**Problem details**
Restate word for word each line from the one containing "The first thing" through the end of the material, and nothing more. Drop every picture.

┄┄┄┄┄┄┄┄┄┄┄┄┄┄┄┄┄┄┄┄

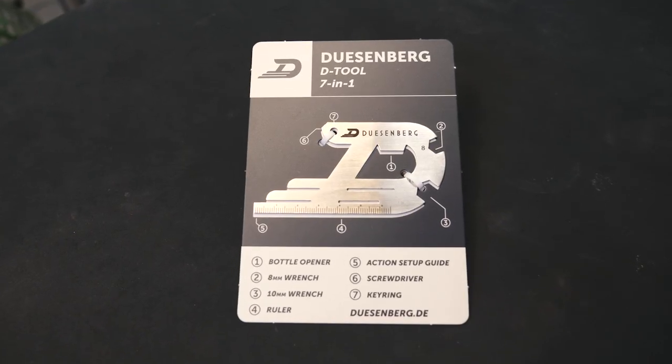If you're watching this, you've probably received one of these with your guitar and have used the QR code on the back, or you're on our web shop and are thinking about purchasing one. This is the new Duesenberg 7-in-1 multi-tool and this short video is going to show you the features.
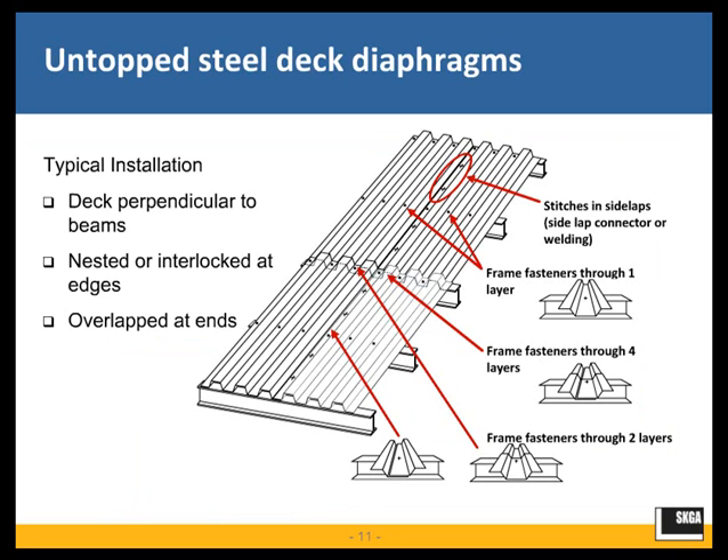The first thing to cover is un-topped steel deck diaphragms. This schematic shows a very generalized layout of the steel deck panels, with the deck laid perpendicular to the support beams. There are two different types of deck panels manufactured: a nested-type edge and an interlocking-type edge. This is very important for selecting the side-lap connector type for attachment of the steel deck panels to one another.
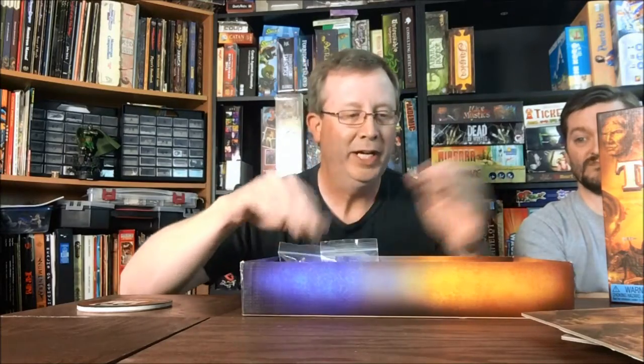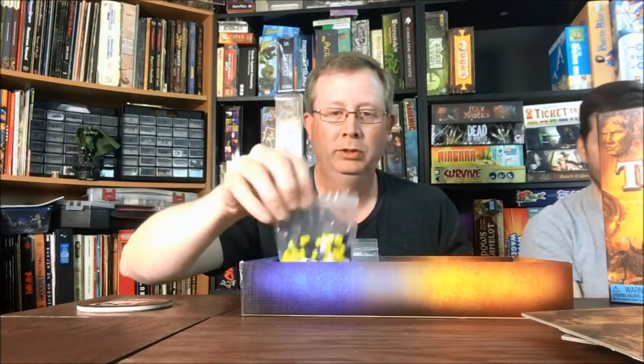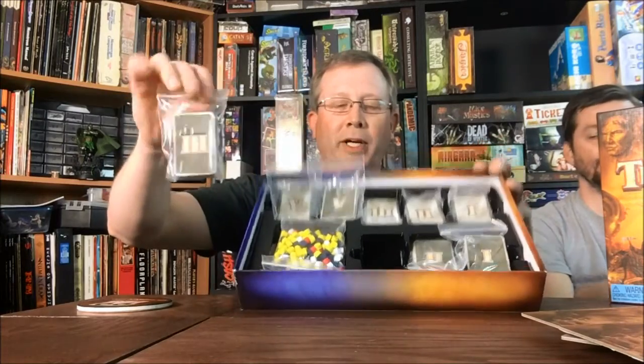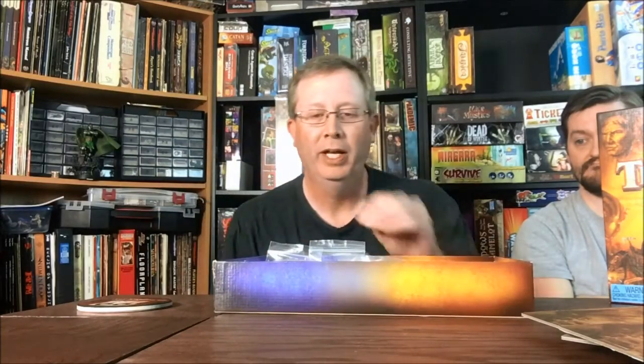Then you've got your cards for the different ages - cards from ages one, two, and three. And a whole bunch of little chips. It doesn't come with all those plastic bags - comes with just these two bags. The tray in the box itself holds the cards pretty well, but I'm one of those guys that likes to bag everything. Otherwise it comes with the tray where all the cards can sit separated, and then you've got your chits and your cubes.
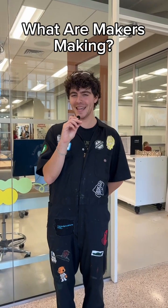What are makers making? Hi, my name is Eric and I'm a team member here at the Hatchery Makerspaces at Boston College. Today we're going to find out what people are making. Come on in.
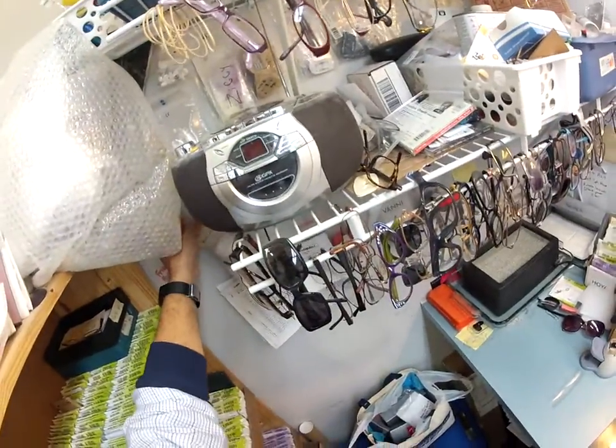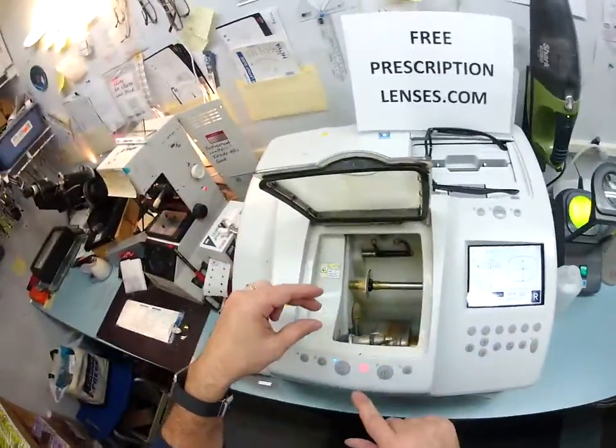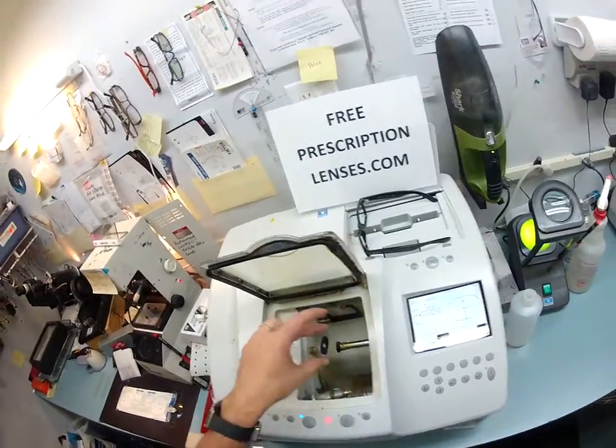Let me get my second temple tip ready. I save these. Whenever I sell a pair of glasses in the store, the people who walk out with them on never know that they come with these. But when I ship, I save those from the in-store purchases so I can send twice as many as Ray-Ban sends me.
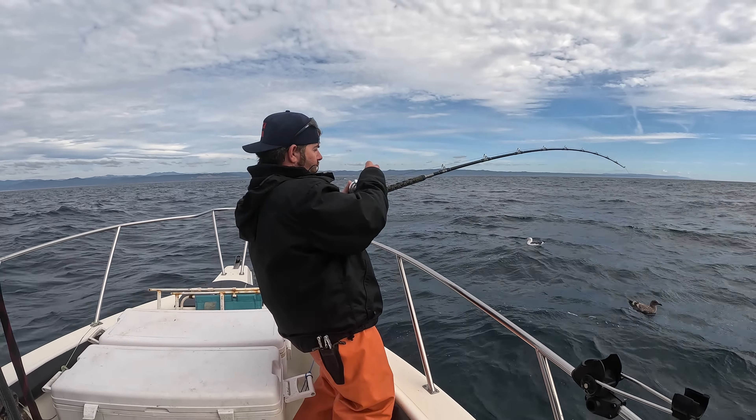Hey everybody, we only got four albacore. It's about 10 o'clock and we haven't had a bite since just before seven in the morning. So we're going to head in for some rockfish. Wind's picking up a little. Not hearing of anybody catching anything out here — see you guys inside for some rockfish, still deeper than 300 feet though.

┄┄┄┄┄┄┄┄┄┄┄┄┄┄┄┄┄┄┄┄

**Your solution**
The first thing to cover is un-topped steel deck diaphragms. This schematic shows a very generalized layout of the steel deck panels, with the deck laid perpendicular to the support beams. There are two different types of deck panels manufactured: a nested-type edge and an interlocking-type edge. This is very important for selecting the side-lap connector type for attachment of the steel deck panels to one another.
Then you've got your cards for the different ages - cards from ages one, two, and three. And a whole bunch of little chips. It doesn't come with all those plastic bags - comes with just these two bags. The tray in the box itself holds the cards pretty well, but I'm one of those guys that likes to bag everything. Otherwise it comes with the tray where all the cards can sit separated, and then you've got your chits and your cubes.
What are makers making? Hi, my name is Eric and I'm a team member here at the Hatchery Makerspaces at Boston College. Today we're going to find out what people are making. Come on in.
Let me get my second temple tip ready. I save these. Whenever I sell a pair of glasses in the store, the people who walk out with them on never know that they come with these. But when I ship, I save those from the in-store purchases so I can send twice as many as Ray-Ban sends me.
Hey everybody, we only got four albacore. It's about 10 o'clock and we haven't had a bite since just before seven in the morning. So we're going to head in for some rockfish. Wind's picking up a little. Not hearing of anybody catching anything out here — see you guys inside for some rockfish, still deeper than 300 feet though.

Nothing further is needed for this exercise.